Top of Task input
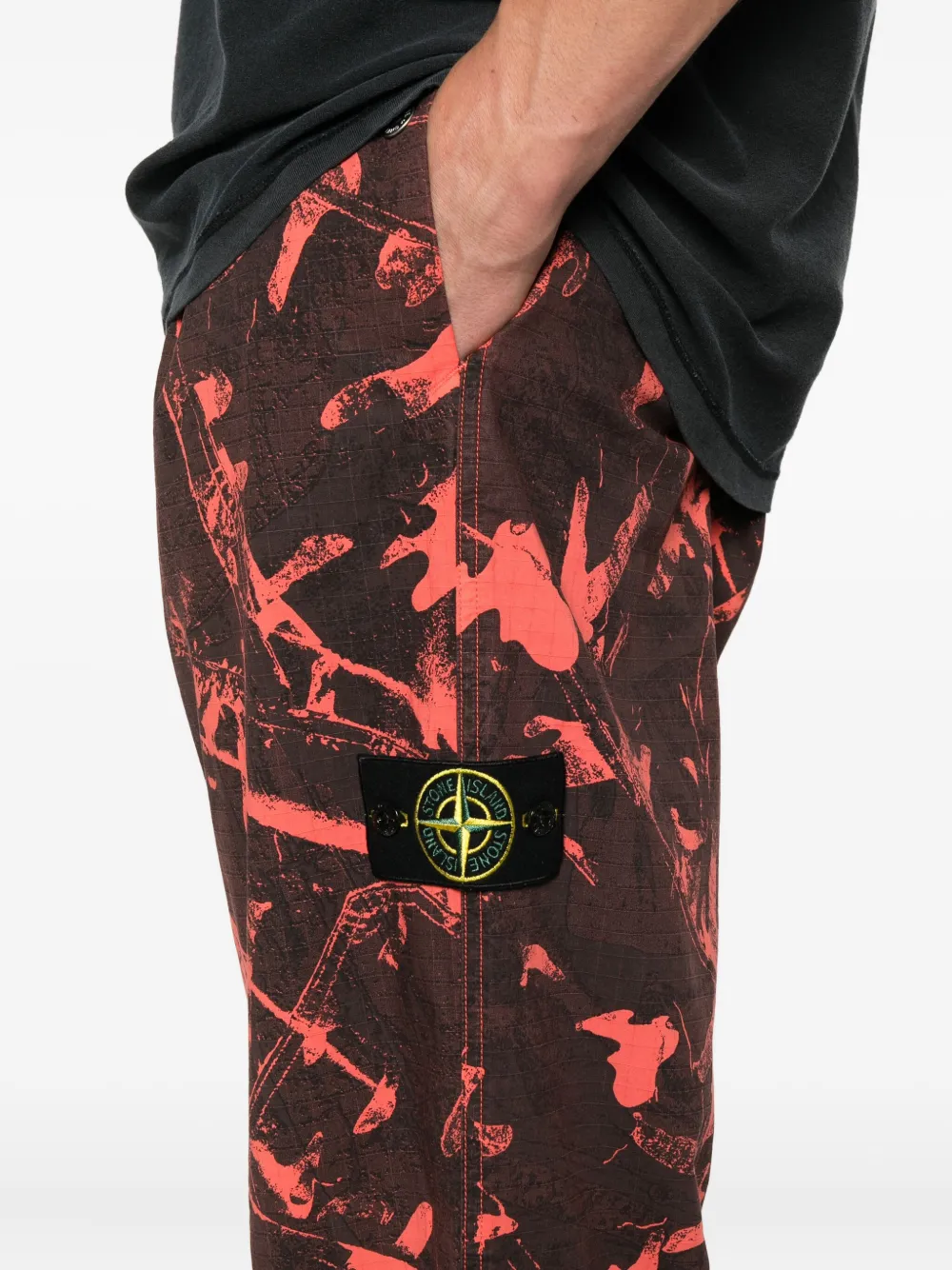 Stone Island Broek met trekkoord en abstracte print Zwart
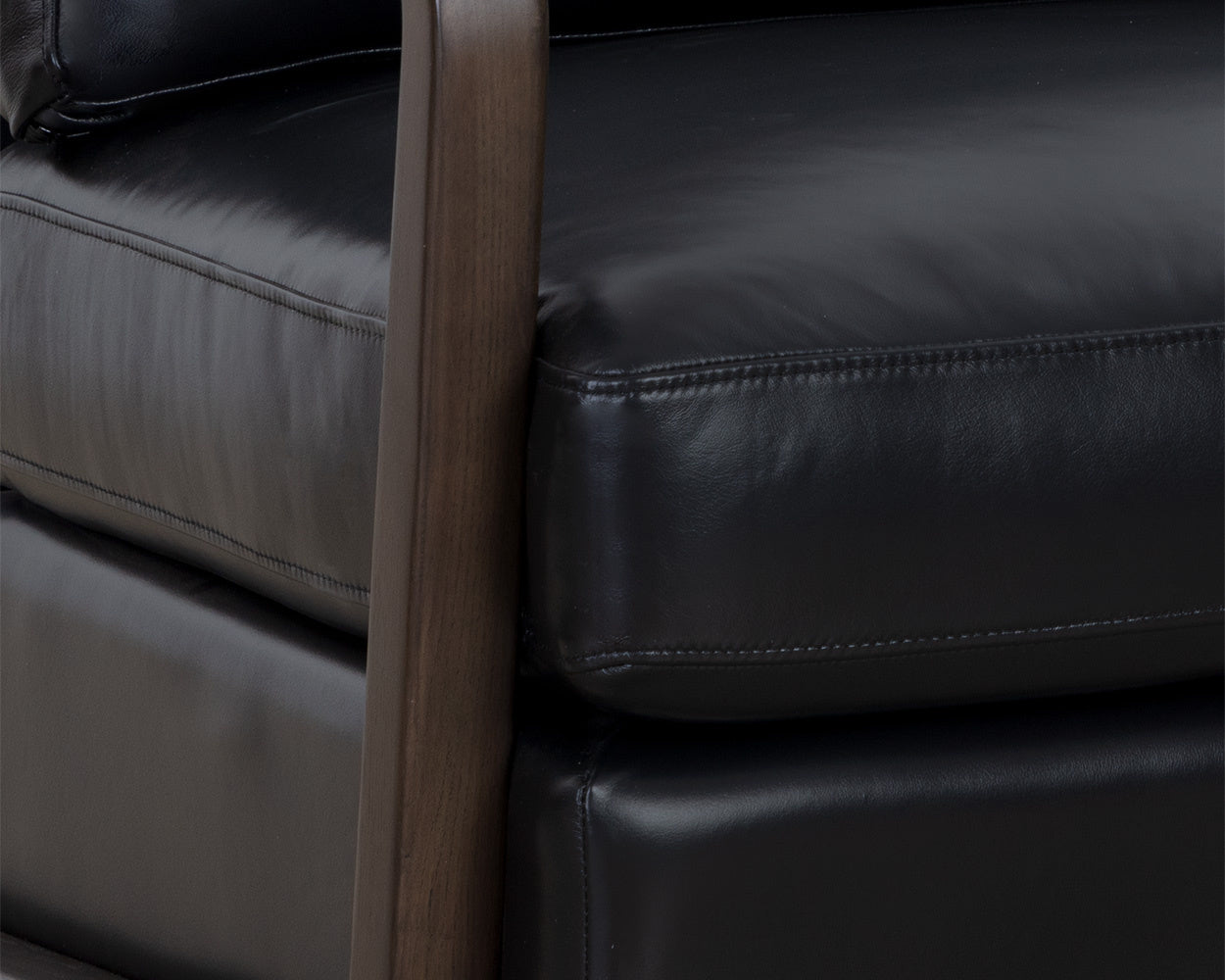 NAHLA CASTELL SWIVEL LOUNGE CHAIR - BROWN - CORTINA BLACK LEATHER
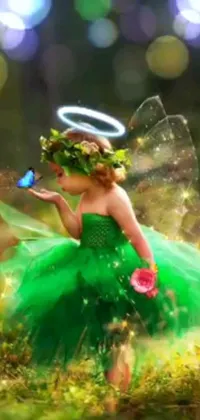 This phone live wallpaper features a delightful work of fantasy art depicting a little girl in a green dress holding a butterfly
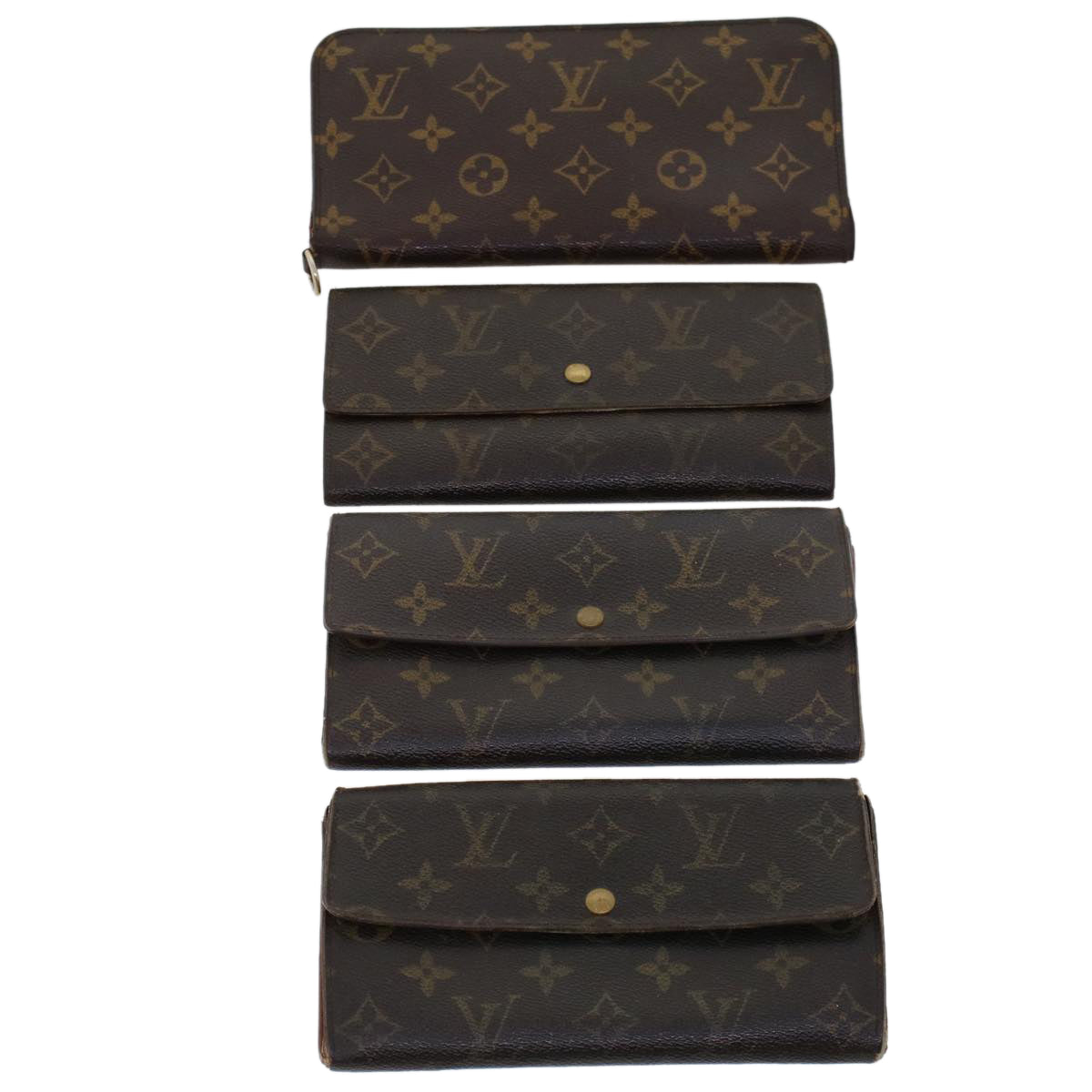 LOUIS VUITTON Monogram Long Wallet 4Set LV Auth fm2472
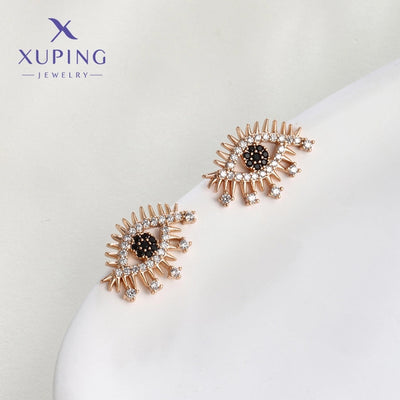 1 Pair Funny XUPING Simple Style Devil's Eye Enamel Copper 18K Gold Plated Ear Studs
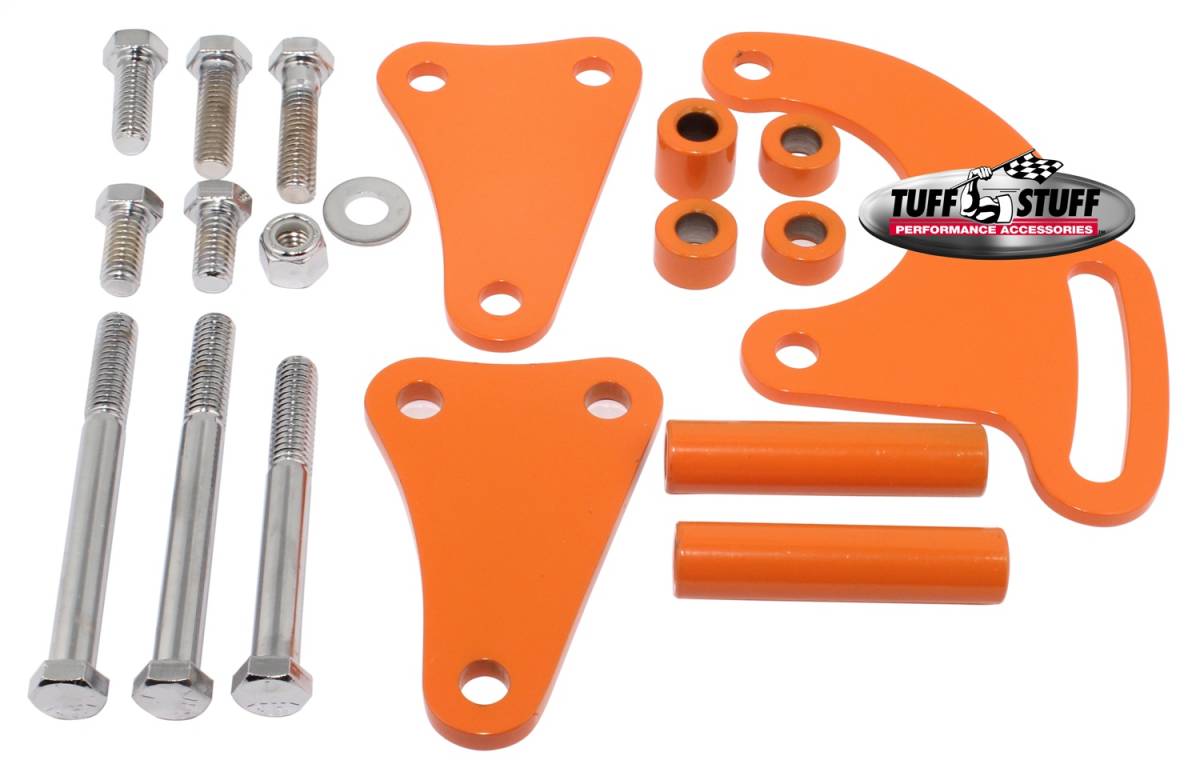 Tuff Stuff Performance - Power Steering Pump Bracket Long Fits Tuff Stuff Saginaw Style Power Steering Pumps w/Hardware Orange Powdercoat 6508BORANGE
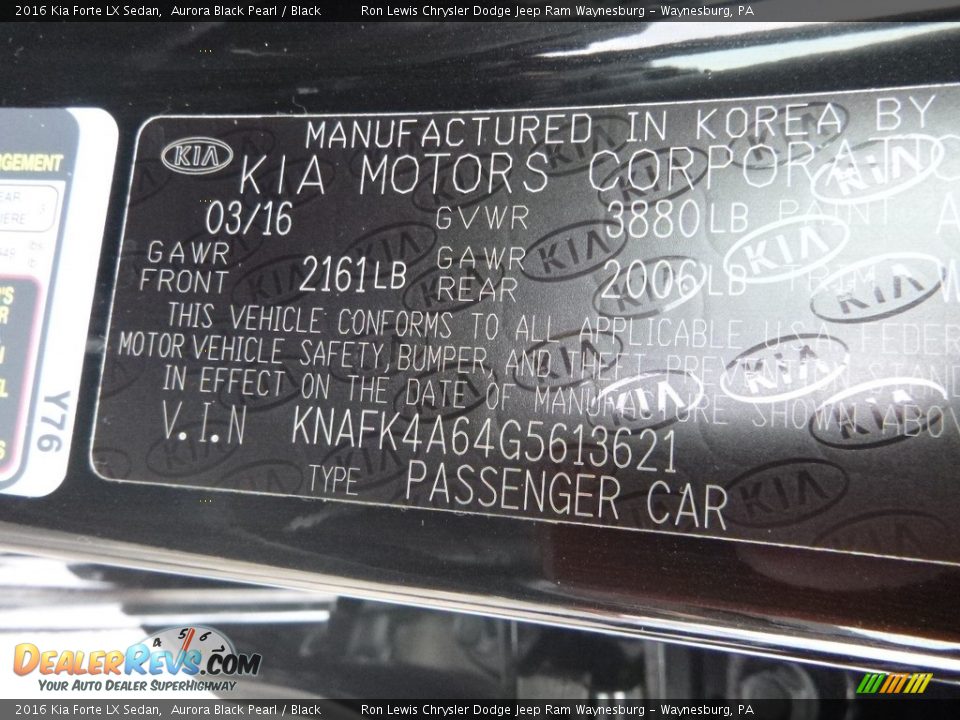 2016 Kia Forte LX Sedan Aurora Black Pearl / Black Photo #15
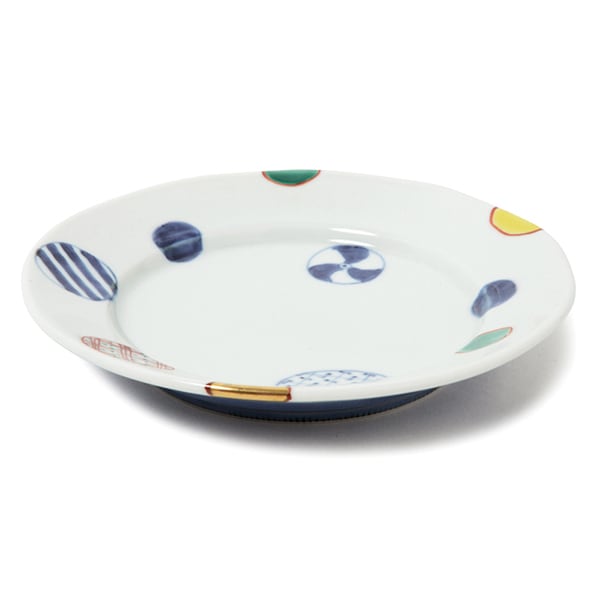 染錦地紋丸紋段付5.5寸丸皿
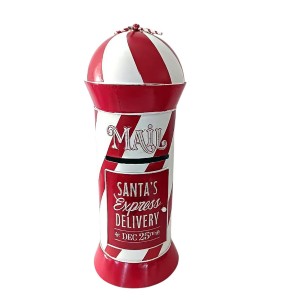 Χριστουγεννιάτικο μεταλλικό διακοσμητικό επιδαπέδιο γραμματοκιβώτιο σε ριγέ κόκκινη και λευκή απόχρωση 31x88 εκ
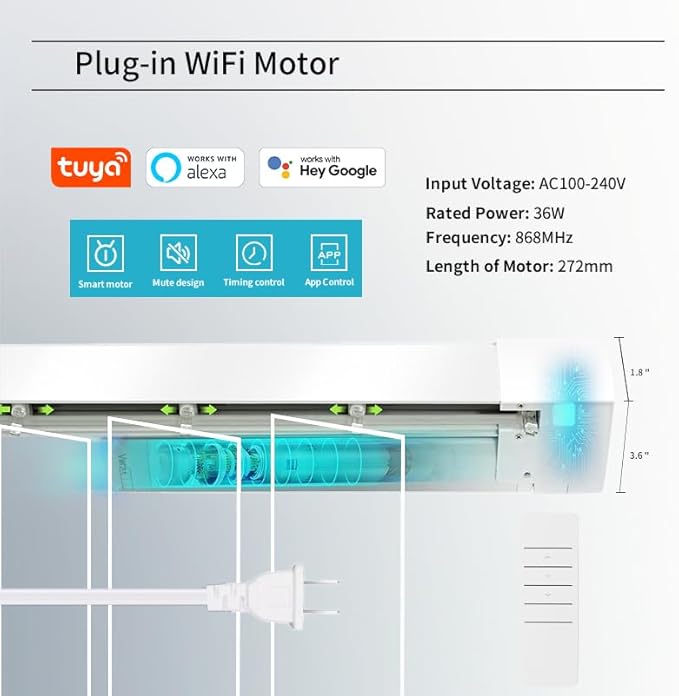 Blindify Motorized Sheer Vertical Blinds with Remote, Light Filtering Smart Vertical Blinds Work with Alex Google Home, Horizontal Blinds for Sliding Glass Doors, Customize(Misty Beige)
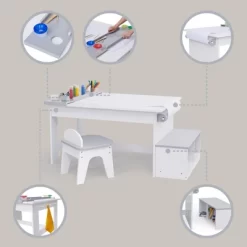 Fantasy Fields - Little Artist Monet Play Art Table Kids Furniture - White/Gray -Children Furniture Store GUEST 0d0e78db 6714 45b4 98cd f1333aed8b01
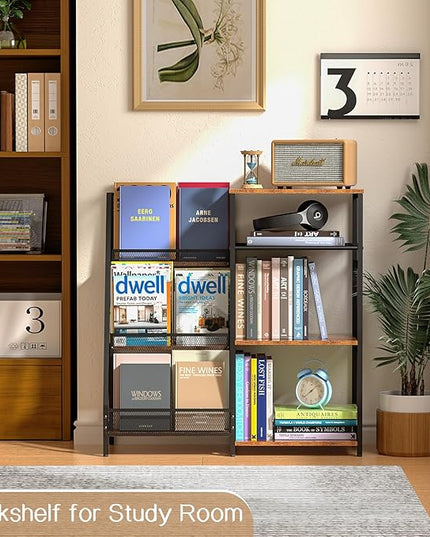 Vintage Bookshelf, Wooden Kids Bookshelf with 3-Tier Ladder Book Display Rack, Small Book Shelf Library Bookcase Storage Organizer, Short Wide Small Bookshelf Bookcase for HomeOffice - LeafyLoom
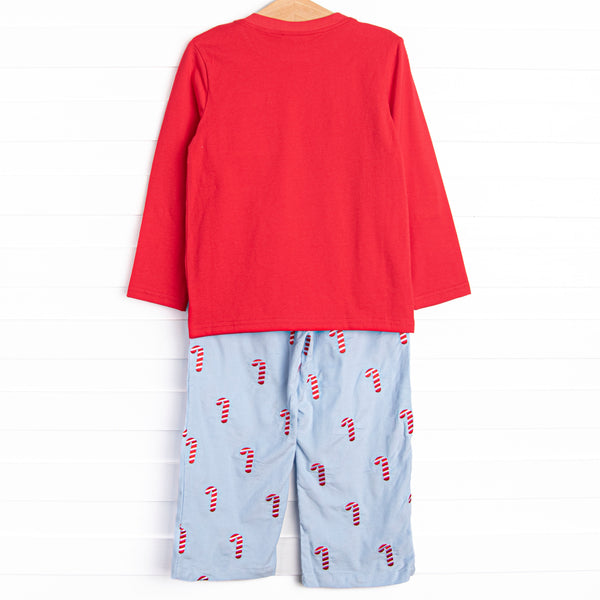 Candy Cane Craze Embroidered Pant Set, Blue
Bottom of Task input
## What you have to do:
Copy word for word the lines of the records above from the one with "2016 Kia Forte" up to and including the one with "Χριστουγεννιάτικο μεταλλικό διακοσμητικό". Skip the pictures.

## Reply:
 2016 Kia Forte LX Sedan Aurora Black Pearl / Black Photo #15
 染錦地紋丸紋段付5.5寸丸皿
 Χριστουγεννιάτικο μεταλλικό διακοσμητικό επιδαπέδιο γραμματοκιβώτιο σε ριγέ κόκκινη και λευκή απόχρωση 31x88 εκ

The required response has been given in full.